Lewis & Short

Parsing inflected forms may not always work as expected. If the following does not give the correct word, try Latin Words or Perseus.

alterno, āvi, ātum, 1, v. a. and n. [alternus]: aliquid, to do one thing and then another, to do a thing by turns, to interchange with something, to alternate (first in the poets of the Aug. per., later most freq. in Pliny): alternare vices, Ov. M. 15, 409: alternant spesque timorque fidem, make it at one time credible, at another not, id. H. 6, 38: hirundines in fetu summā aequitate alternant cibum, i. e. give to the young their food in succession, Plin. 10, 33, 49, § 92; so id. 15, 3, 3, § 12; 29, 4, 20, § 68; Col. 5, 6, 4; Sil. 1, 554; 9, 354; 11, 60; * Suet. Ner. 1.

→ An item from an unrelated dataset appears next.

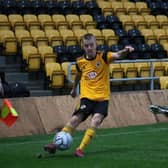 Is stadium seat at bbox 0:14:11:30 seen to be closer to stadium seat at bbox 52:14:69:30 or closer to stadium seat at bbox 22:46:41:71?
stadium seat at bbox 22:46:41:71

Without an obj.: haec alternanti potior sententia visa est, hesitating, Verg. A. 4, 287: alternantes proelia miscent, fight by turns, id. G. 3, 220: arborum fertilitas omnium fere alternat, alternates, i. e. they bear every other year, Plin. 16, 6, 7, § 18; so id. 31, 3, 23, § 40; 37, 10, 60, § 167.
With cum: cum symphoniā alternāsse, Plin. 10, 29, 43, § 84.